» **Work request**
Output the listing verbatim, leaving out every picture.

» **Input data**

=== Begin Enclosure ===

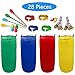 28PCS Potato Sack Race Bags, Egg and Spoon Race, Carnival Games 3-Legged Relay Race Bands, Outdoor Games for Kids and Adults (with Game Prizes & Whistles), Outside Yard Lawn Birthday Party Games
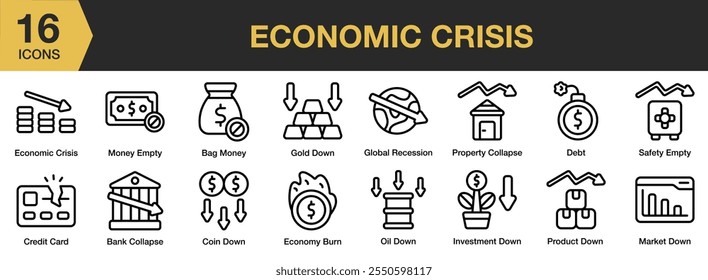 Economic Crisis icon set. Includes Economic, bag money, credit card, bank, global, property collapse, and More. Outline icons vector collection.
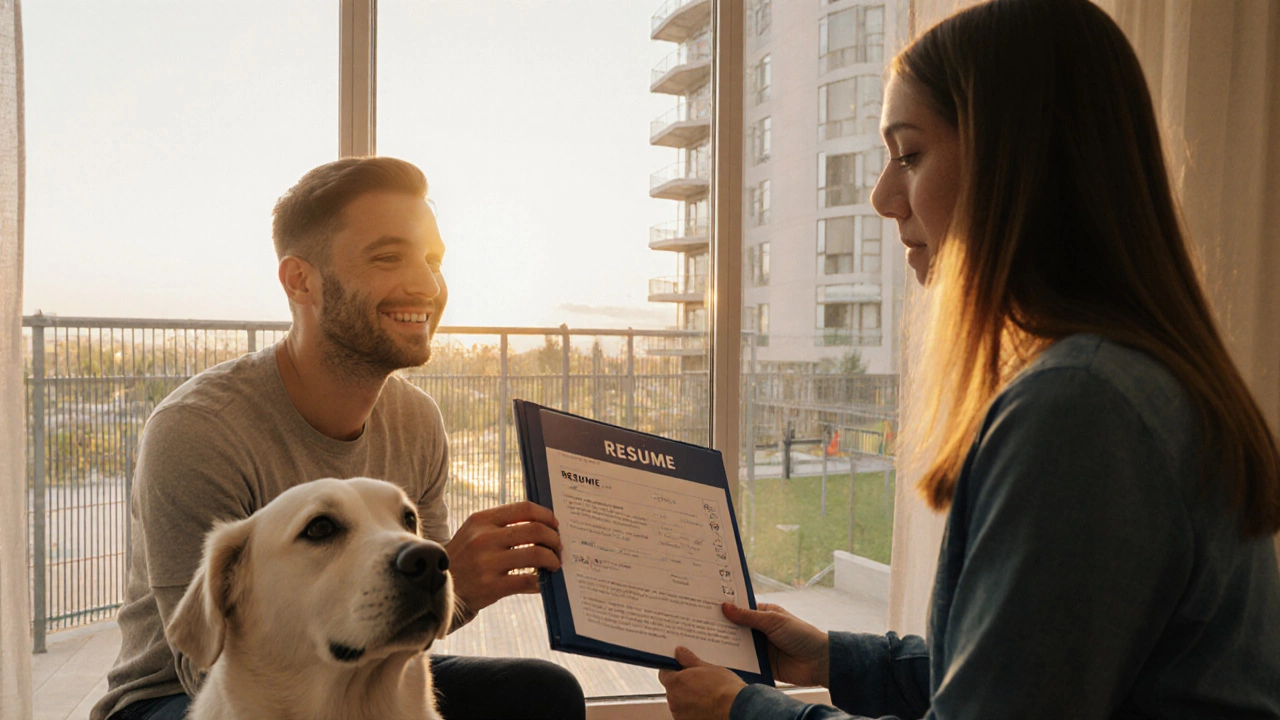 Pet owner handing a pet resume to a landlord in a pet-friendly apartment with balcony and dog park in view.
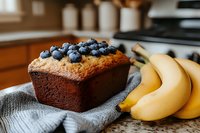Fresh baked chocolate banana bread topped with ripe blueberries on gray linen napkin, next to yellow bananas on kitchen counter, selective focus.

=== End Enclosure ===

» **Solution to this problem**
 28PCS Potato Sack Race Bags, Egg and Spoon Race, Carnival Games 3-Legged Relay Race Bands, Outdoor Games for Kids and Adults (with Game Prizes & Whistles), Outside Yard Lawn Birthday Party Games
 Economic Crisis icon set. Includes Economic, bag money, credit card, bank, global, property collapse, and More. Outline icons vector collection.
 Pet owner handing a pet resume to a landlord in a pet-friendly apartment with balcony and dog park in view.
Fresh baked chocolate banana bread topped with ripe blueberries on gray linen napkin, next to yellow bananas on kitchen counter, selective focus.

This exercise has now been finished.